Activity: Among the entries below, take the line with "Faith Culture - Renewed" and the line with "Luxman C-03 & Luxman M-03", and output them and every line between them exactly, with nothing else.
START Task input
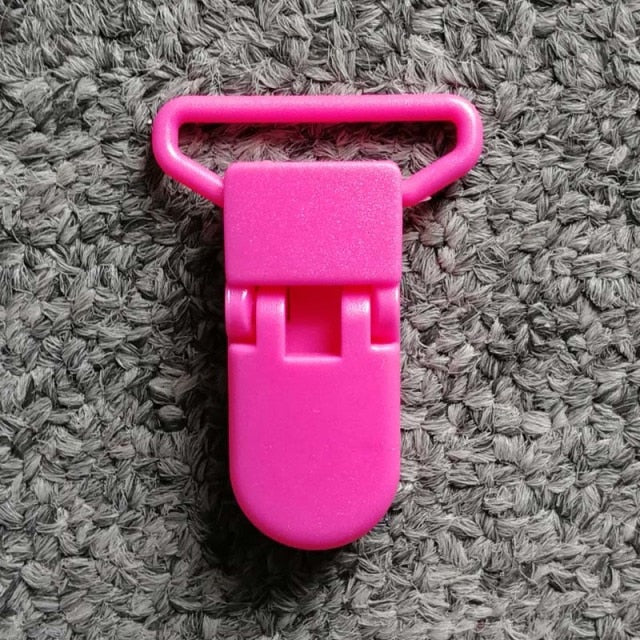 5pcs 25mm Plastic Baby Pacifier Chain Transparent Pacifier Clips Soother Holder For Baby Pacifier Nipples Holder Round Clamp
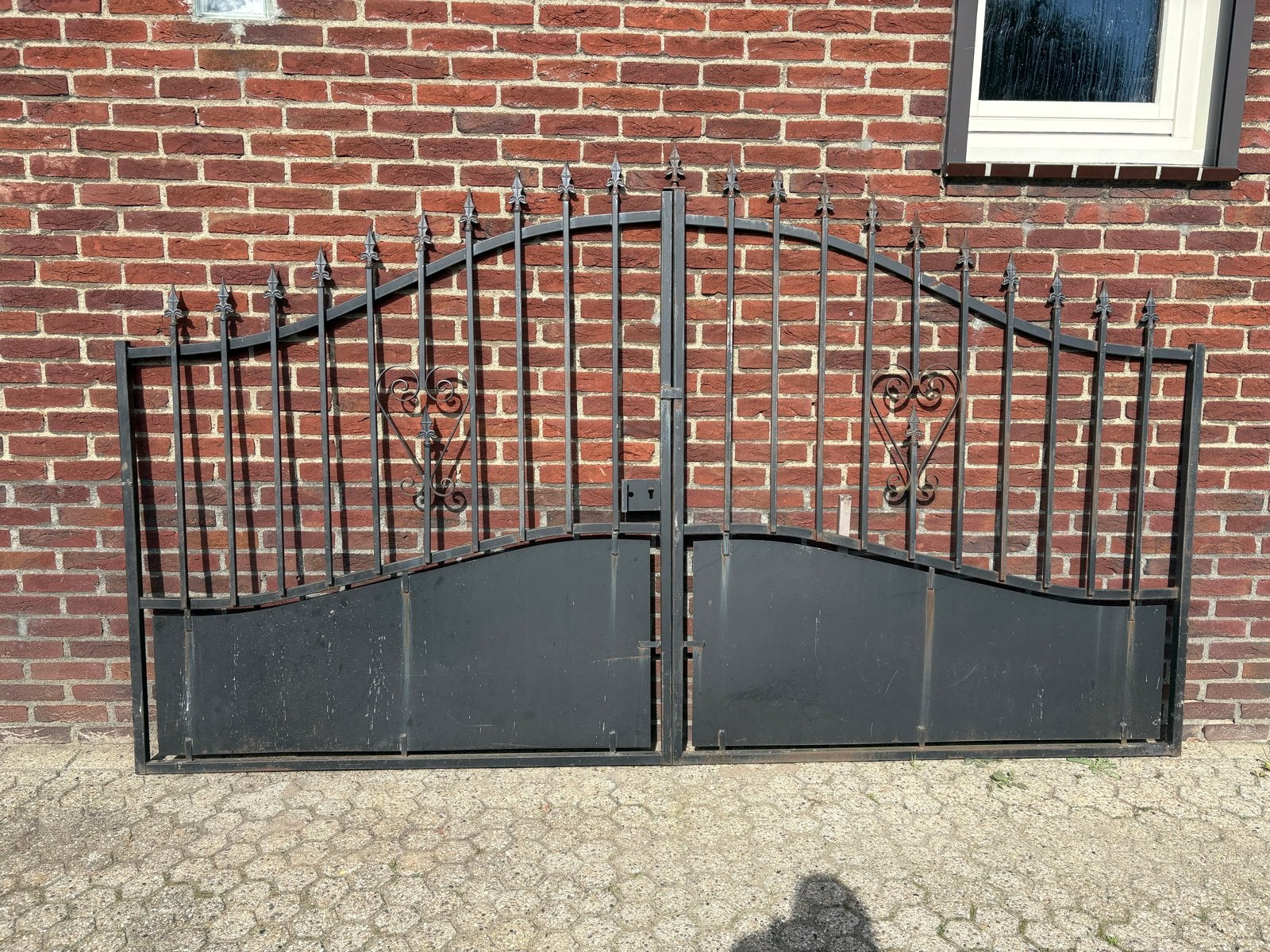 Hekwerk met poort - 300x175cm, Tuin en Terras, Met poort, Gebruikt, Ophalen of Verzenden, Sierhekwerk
END Task input
START Task input
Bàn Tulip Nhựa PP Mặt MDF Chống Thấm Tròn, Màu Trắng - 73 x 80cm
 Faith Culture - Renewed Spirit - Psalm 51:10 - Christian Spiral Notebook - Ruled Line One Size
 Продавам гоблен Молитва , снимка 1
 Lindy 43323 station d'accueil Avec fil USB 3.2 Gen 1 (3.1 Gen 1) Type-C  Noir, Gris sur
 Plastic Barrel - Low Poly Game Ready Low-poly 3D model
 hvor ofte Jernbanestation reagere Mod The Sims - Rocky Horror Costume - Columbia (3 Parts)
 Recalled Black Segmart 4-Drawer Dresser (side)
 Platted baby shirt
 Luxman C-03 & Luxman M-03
END Task input
Reply to the task:
 Faith Culture - Renewed Spirit - Psalm 51:10 - Christian Spiral Notebook - Ruled Line One Size
 Продавам гоблен Молитва , снимка 1
 Lindy 43323 station d'accueil Avec fil USB 3.2 Gen 1 (3.1 Gen 1) Type-C  Noir, Gris sur
 Plastic Barrel - Low Poly Game Ready Low-poly 3D model
 hvor ofte Jernbanestation reagere Mod The Sims - Rocky Horror Costume - Columbia (3 Parts)
 Recalled Black Segmart 4-Drawer Dresser (side)
 Platted baby shirt
 Luxman C-03 & Luxman M-03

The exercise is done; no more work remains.